Disclaimer:  the article has not been peer-reviewed; it should not replace individual clinical judgement and the sources cited should be checked. The views expressed in this commentary represent the views of the authors and not necessarily those of the host institution, the NHS, the NIHR, or the Department of Health and Social Care. The views are not a substitute for professional medical advice. 

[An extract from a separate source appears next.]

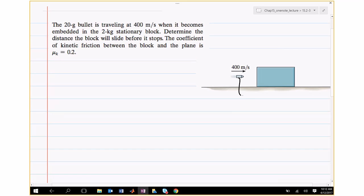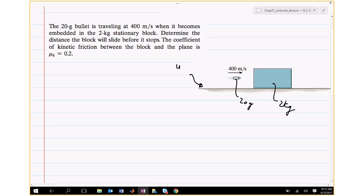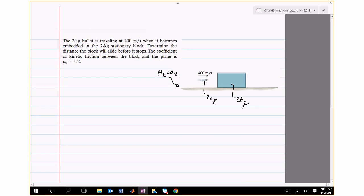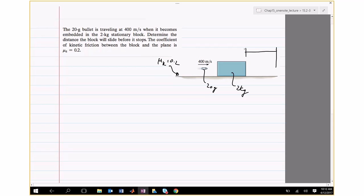First problem: a 20-gram bullet is traveling at 400 m/s when it becomes embedded in a 2 kg stationary block. Determine the distance the block will slide before it stops. The coefficient of kinetic friction between the block and the plane is μk = 0.2. You have to find the distance the block moves until it comes to rest, because the bullet penetrates the block, stays inside, and the momentum imparted causes the whole system to move to the right, while friction opposes and eventually stops it.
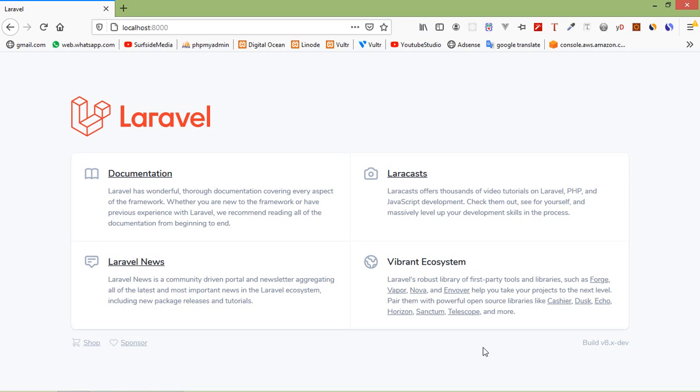Hi everyone, welcome back to the Laravel 8 tutorial. In this video, we are going to learn about the HTTP request and form.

Dr Asli Kalin is an Academic General Practitioner at the University of Oxford
Dr Salman Waqar is an Academic General Practitioner at the University of Oxford
Dr Ammad Mahmood is a Neurology Registrar, Clinical Research Fellow, University of Glasgow
Shaykh Dr Asim Yusuf is a Consultant Psychiatrist in Wolverhampton, and the Chair of the British Board of Islamic Scholars and Imams
Dr Nazim Ghouri is a Consultant Endocrinologist and General Physician, Queen Elizabeth University Hospital, Glasgow and Honorary Clinical Senior Lecturer, University of Glasgow
Prof Naveed Sattar is a Professor of Metabolic Medicine at the Institute of Cardiovascular & Medical Sciences at the University of Glasgow, as well as an Honorary Consultant in Metabolic Medicine at the Glasgow Royal Infirmary
Prof Tahseen Chowdhury is a Consultant Endocrinologist at the Department of Diabetes and Metabolism at the Royal London Hospital. He runs a large specialist Diabetes and Metabolism unit, dealing with diabetes particularly amongst the Bangladeshi community of Tower Hamlets. He has a research / clinical interest in diabetes in South Asians and diabetic kidney disease.
Dr Nazim Ghouri is a Consultant Endocrinologist and General Physician, Queen Elizabeth University Hospital, Glasgow and Honorary Clinical Senior Lecturer, University of Glasgow


Search strategy

PubMed and Google Scholar databases were searched between 5-21 March 2020 for all studies from database inception. We used search terms to describe fasting in Ramadan along with terms to describe Covid-19, infection and dehydration. Titles and abstracts were screened to assess suitability for inclusion. Existing reviews of literature on these topics were also snowballed for references where appropriate. No language or study restrictions were applied, but due to pragmatic considerations only English language papers were reviewed. Due to time restrictions no critical appraisal checklist was used, nor was the review registered.

Where possible, authors brought in literature and context from non-Ramadan studies on COVID-19 to help frame the recommendations.